The first thing to know is that most of the inhabitants of these towns were settlers and prospectors. Towns were small, and buildings were cramped right next to each other. Meaning that a bank, if the town even had one, was very near the sheriff’s office.
Second, banks were usually small and local, privately owned, and a “middle structure.” Meaning other people’s money was always tightened up between two other buildings, which gives criminal only two ways of robbing it. From the front, just as in those movie scenes we are used to seeing, like in 1969’s Butch Cassidy and the Sundance Kid, or blast through the rear of the bank, which was more often than not double-reinforced for obvious reasons.
And lastly, there was the escape plan. That not so glorious task of how to do it all and escape alive.
Let’s say someone found the gall to walk through the front door as Butch did, or found a cunning way to blast through the rear wall during the night. Just for a second, we will get back to number one, people being prospectors, settlers, and all that. Would a man with “Gold! Gold! Gold from the American River!“ on his mind be unarmed?
Of course not. Almost everyone living and breathing in towns back then was armed and ready to shoot anyone who would dare stick a hand in their pockets. There were no bank insurances back in the Wild West, so if someone robbed you of your savings, your money was gone. That said, as soon as the word was out that a robbery was taking place in their town, it is safe to say that practically the entire town was out and running to shoot those dirty scoundrels.
Logic aside, horses heat up 10 times faster than people and are more susceptible to the harmful consequences of heat stress. And while Bonnie and Clyde were more than able to strike quickly and escape in their 1934 Ford Deluxe during their heist era, it was not so easy to ride a four-legged mustang for a long escape back in the 19th century. “It only takes 17 minutes of moderate intensity exercise in hot, humid weather to raise a horse’s temperature to dangerous levels,” explains professor Michael Lindinger, an animal and exercise physiologist at the University of Guelph Horses.
To sum it all up, horses are at least drowsy and at worst completely useless in extreme heat and long runs. So as an answer to George Carlin’s famous question that troubled him when he was a boy, “if a guy got killed in a Western movie I always wondered who got his horse,” if it were a hot, sunny day, as it often was on screen in Western movies, the horse sadly got shot, and many times in movies they were, if the producers wished to highlight how hot it was during a particular scene.

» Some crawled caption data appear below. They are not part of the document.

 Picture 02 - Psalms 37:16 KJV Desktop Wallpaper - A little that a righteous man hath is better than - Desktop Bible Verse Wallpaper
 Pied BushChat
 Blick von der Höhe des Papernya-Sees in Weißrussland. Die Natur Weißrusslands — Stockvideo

So let’s say all outlaws were former horse breeders just like Butch Cassidy and knew everything about horses. Were they all crazy enough walk into a town and attempt to rob the bank knowing that “dying ain’t much of a living” (Josey Wales, again Clint Eastwood), and grave digging is not much of a profession if the grave you dig is your own. It is hard to say, but history tells us only a few could pull that off, and probably this is why the Wild Bunch enjoyed success, because of inventive and meticulously drawn up and organized escape plans.

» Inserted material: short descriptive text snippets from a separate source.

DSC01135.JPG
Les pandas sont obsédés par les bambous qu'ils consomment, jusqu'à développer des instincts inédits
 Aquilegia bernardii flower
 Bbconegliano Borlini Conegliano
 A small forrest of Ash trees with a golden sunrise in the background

One of the most underrated and overlooked movies of the decade and a true gem of cinema, one that Roger Deakins made shine and Nick Cave sound as no other movie before, depicts the story of The Assassination of Jesse James by the Coward Robert Ford. Directed by Andrew Dominik and with characters played by Brad Pitt and Casey Affleck, it tells the story of one of America’s most successful bank robbers and his infamous Missouri gang of outlaws who are believed to be connected to dozens of bank and train robberies.
Then again, most of them were in Kansas and Kentucky, east of the Mississippi River, and it is possible that they defied logic and common sense, or they were just crazy and lucky enough to make it happen.